Thursday, August 20, 2009

Mamma's little baby loves clambake, clambake

Oh Dear Elvis... I showed up to work today with my shirt on inside out.

I know I headed off to work this morning wearing one navy blue sock with one black sock and black pants. That was done, however reluctantly, on purpose. I've been delaying the Inevitable Laundry Session that I know will come whether I want it to or not. No matter how much I ignore its existence, the emptiness of my underwear drawer will not magically reverse itself.

But if it could? Awesome squared!

I have enough undies to make it to the weekend, which is when I can do laundry at 7 or 8 in the morning before it gets all butt-ass melty hot outside. Bleagh. But my socks? They fare not so well. I've been down to mismatched socks since Tuesday. And now I'm down to socks that aren't even from the same species of sock-dom. Hello random halloween themed sock!

But the mismatched socks I could deal with. My feet are under a desk for most of the day, and hardly anyone, if any at all, would notice. But my shirt?!

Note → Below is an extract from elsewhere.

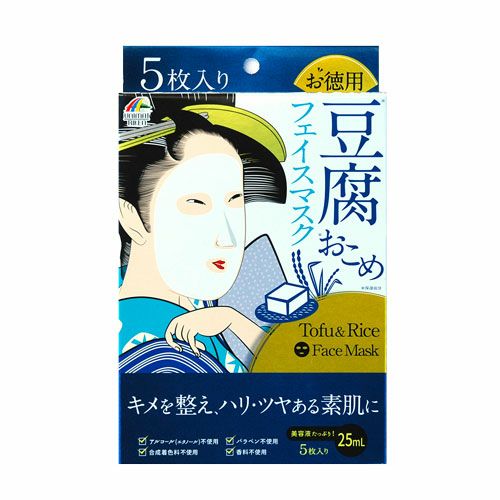 豆腐とおこめのフェイスマスク　5枚入り 【ユニマットリケン】1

Holy frack nuggets Batman!

Good thing I was bored during my morning meeting, and looking down, and checking out my chest (as a byproduct of being bored, mind you, I don't normally check out my chest. Well, that often anyway...) Anywho! I was wearing a v-neck shirt and as I was looking down I noticed the fabric sticking out where the two lines of the V meet.

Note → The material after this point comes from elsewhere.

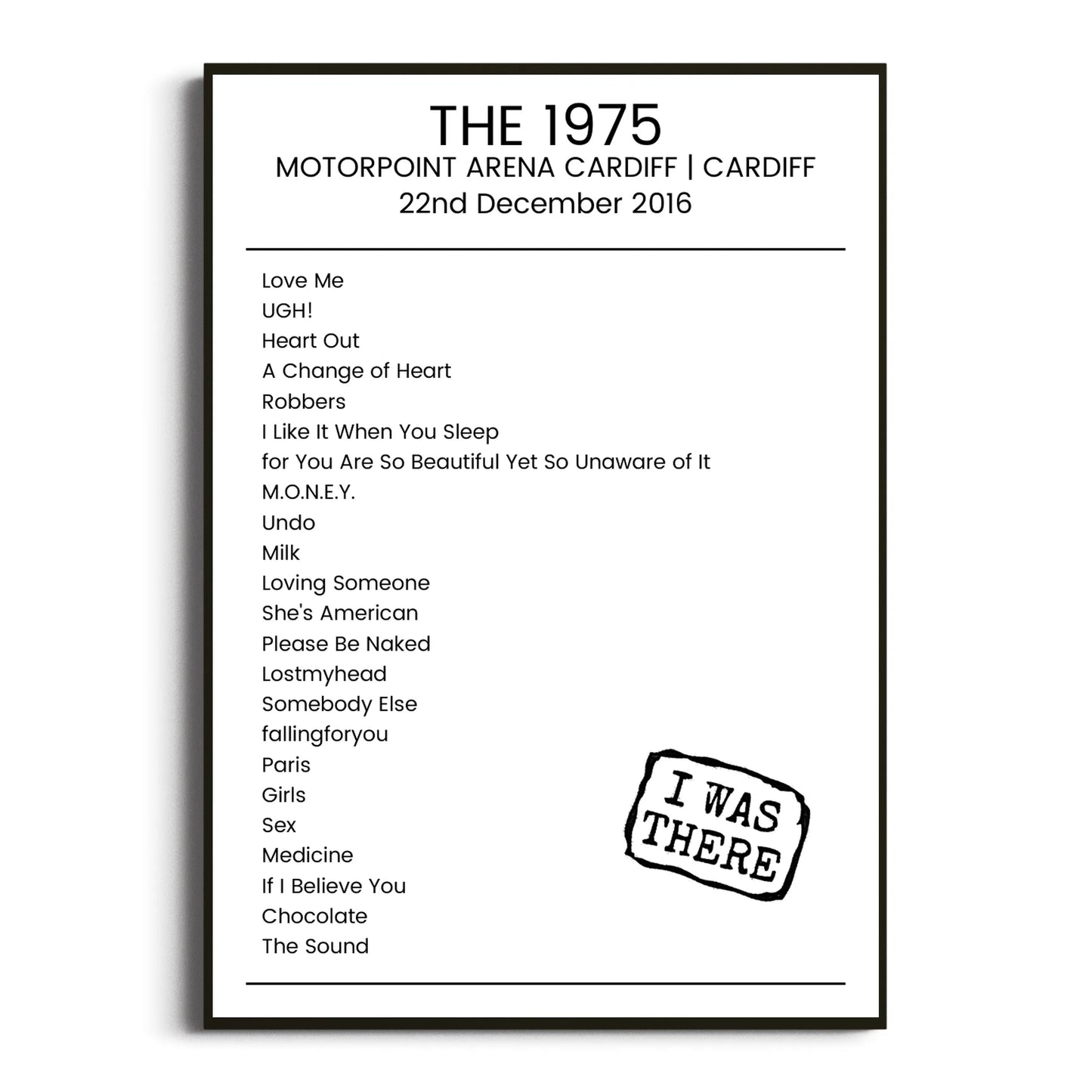 The 1975 Cardiff 22 December 2016 Setlist Poster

And I thought to my self, 'well that looks weird... what the... oh. Crap.'


Thankfully nobody noticed. Because I refuse to believe otherwise.

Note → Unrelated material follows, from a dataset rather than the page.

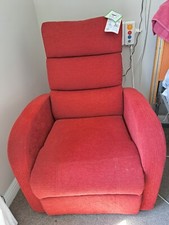 RESTWELL LUXURY ELECTRIC RISER RISE RECLINER RED CHENILLE CHAIR ~ CAN DELIVER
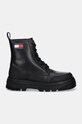 Tommy Jeans bocanci de piele TJM LACE UP LEATHER BOOT EM0EM01511 negru NC24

In other news, I received a spammy email the other day that advertised a drug that could make me "wild and woozy." I thought that would be an interesting combination. "Woohoo! Let's go skinny dipping! Right after I sit down though because I'm a bit dizzy!" Sign me up.

1 comment:

  1. the exact same thing happened to me once. it was april first, so i thought i was just april fooling myself.